P–L contends nonetheless that these apparent concessions of error were untimely and of no consequent effect, since Forestry had theretofore administratively approved the THP's. This point might be well taken if such previous administrative approval of the THP's had become final upon expiration of the date for legal challenge. P–L ignores the fact that the THP's in issue here were continuously the subject of timely legal challenge and, thus, never became final. If P–L's argument were accepted, no THP approval could ever be challenged in court if previously approved administratively. Plainly, THP's remain subject to administrative mandamus alleging noncompliance with the Forestry Rules; and the timber operator does not have a vested right to receive the benefits of an administratively granted THP while it remains, as here, the subject of ongoing legal action timely brought. (Gallegos v. State Bd. of Forestry (1978) 76 Cal.App.3d 945, 950, 142 Cal.Rptr. 86 [Per Christian, J.: “[A]n applicant for a timber harvesting license does not have a vested right to the issuance of such a license. [Citations.]”].)
In sum, Forestry's 1991 concessions were not untimely as P–L contends. They were timely made in the course of administrative mandamus proceedings brought to obtain judicial review of Forestry's administrative action in issuing the THP's. The THP's could not become final until that judicial review was completed. Forestry, consequently, was not precluded from offering the concessions it made in those judicial proceedings.
Aside from the concessions made below, however, a core question on our review of the action of the trial court is whether Forestry properly applied the law and the Forestry Rules, based upon substantial evidence, when it initially granted the THP's in 1988. We conclude the original decisions by Forestry were then contrary to applicable law and the Forestry Rules, for the reasons that follow.
In its initial decisions on the THP's, prior to the reconsideration of its position as stated to the trial court, Forestry rejected the Fish and Game mitigation measures because Forestry stated there was “a reasonable doubt” as to whether they would be efficacious and feasible, both technically and economically. None of these objections was supported by proper legal standards or substantial evidence.
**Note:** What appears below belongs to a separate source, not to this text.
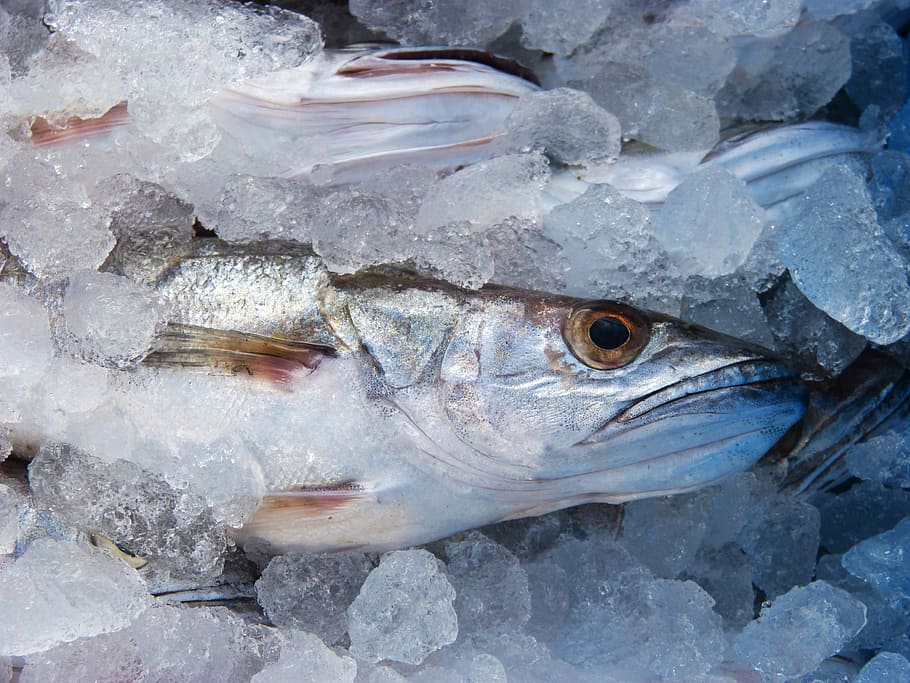 gray, fish, covered, ice, hake, fresh fish, maira, fish shop, animal, vertebrate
Forestry properly reconsidered its position, and modified its stance in the trial court when it found the former decision untenable.
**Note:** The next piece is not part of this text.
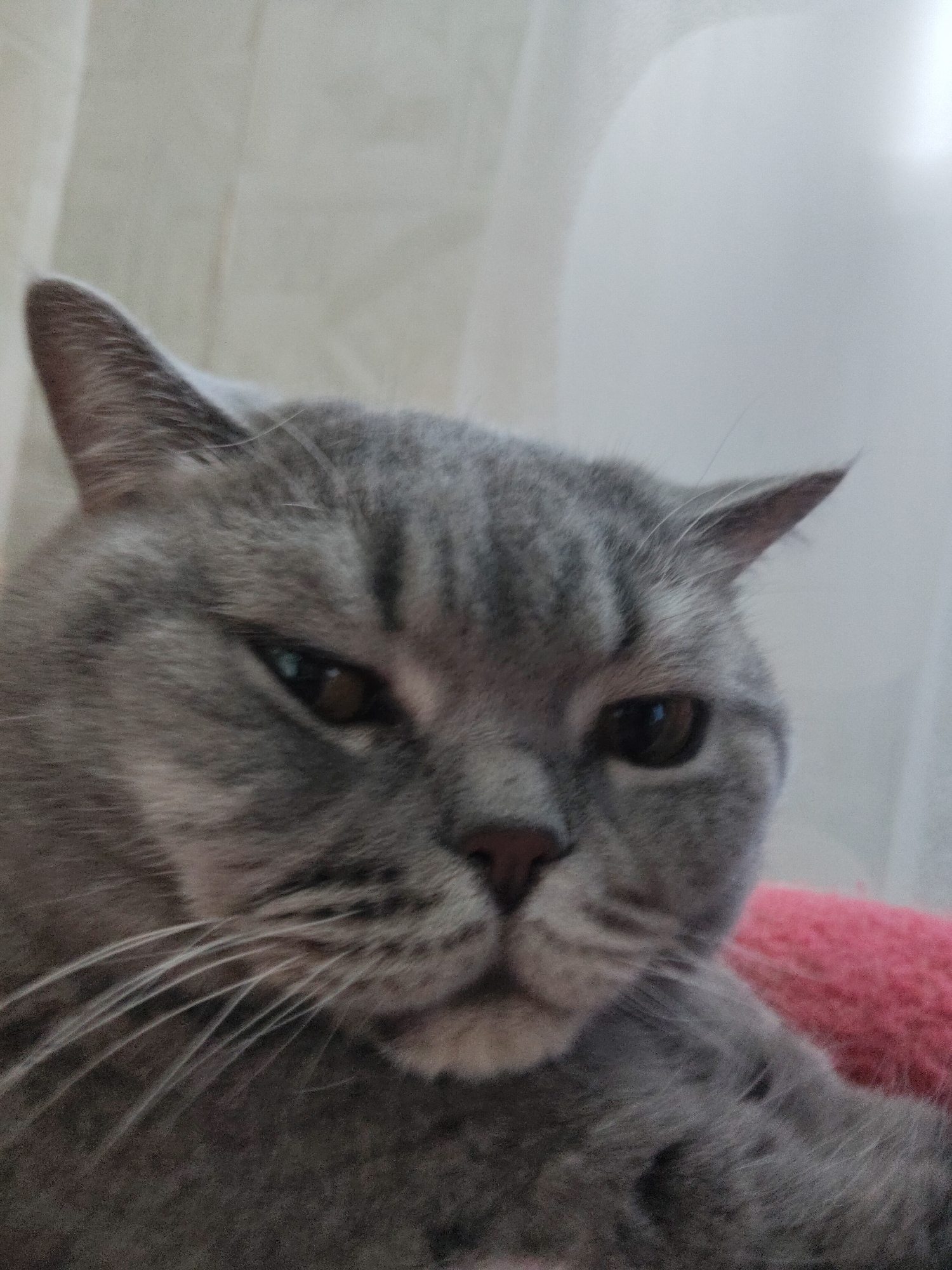 A close-up, eye-level shot shows a grey British Shorthair cat with its head slightly tilted and looking towards the right side of the frame. The cat's fur is grey with darker stripes on its face and ears. Its eyes are a dark brown color. The cat is resting on a fuzzy pink surface. The background is out of focus and appears to be a light-colored curtain. The lighting is soft, creating a gentle glow on the cat's fur.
Of course, where its administrative action in granting a THP has not become final because of judicial intervention, Forestry should be encouraged to modify that prior action, in light of the facts and applicable scientific evidence, when convinced its prior decision was erroneous. (See California State Auto. Assn. Inter–Ins. Bureau v. Garamendi (1992) 6 Cal.App.4th 1409, 1420–1422, 8 Cal.Rptr.2d 366.) The previous decision by Forestry, which seemingly required rejection of Fish and Game mitigation measures unless they could be supported by scientific evidence beyond a reasonable doubt, was erroneous.
Initially, Forestry should not impose the criminal-law test, of beyond a reasonable doubt, when considering whether to implement mitigation measures which implicate scientific or technical wildlife management issues within the professional expertise of Fish and Game. While Forestry certainly need not endorse Fish and Game mitigation measures which are not supported by substantial scientific evidence, the need for the suggested mitigation measures in issue here (restricting timber cutting during the breeding season of the murrelet, for instance, or leaving certain groves of old-growth undisturbed for nesting) was amply supported by evidence of substantial adverse impacts upon rare wildlife species; and Forestry had no substantial evidence to the contrary, other than its expressions of doubt.
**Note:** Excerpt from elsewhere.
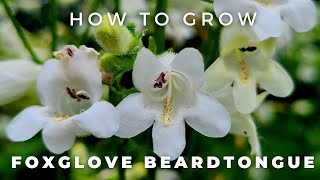 Complete Guide to Foxglove Beardtongue Penstemon digitalis [upl. by Whitcher]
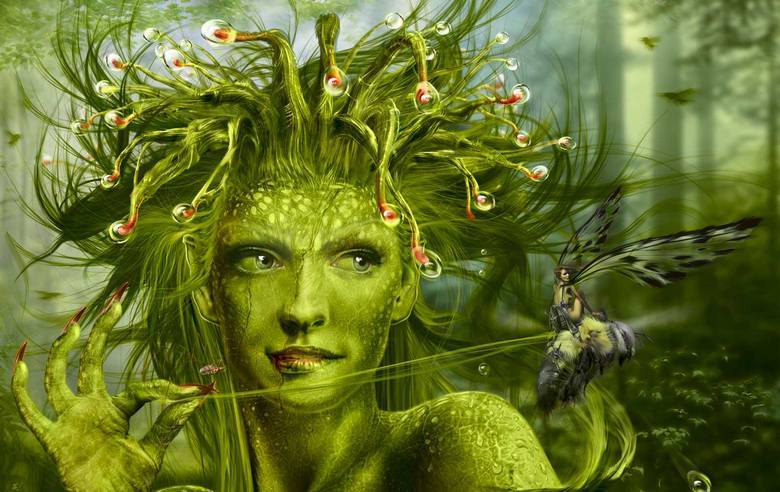 Egy másik tudományos bizonyíték arra, hogy a növények tudatosak.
Forestry's apparent insistence upon a higher standard of proof than reasonable scientific certainty raised an impossible hurdle for the consideration of any proposed mitigation measure for rare and endangered species. By the time scientific research and opinion had reached such a state of moral certainty, the affected species might well be long gone the way of the passenger pigeon. Further, Forestry's role as a lead agency includes the obligation stated by the Forestry Rules, to protect wildlife where feasible, not only where absolutely required beyond a reasonable doubt.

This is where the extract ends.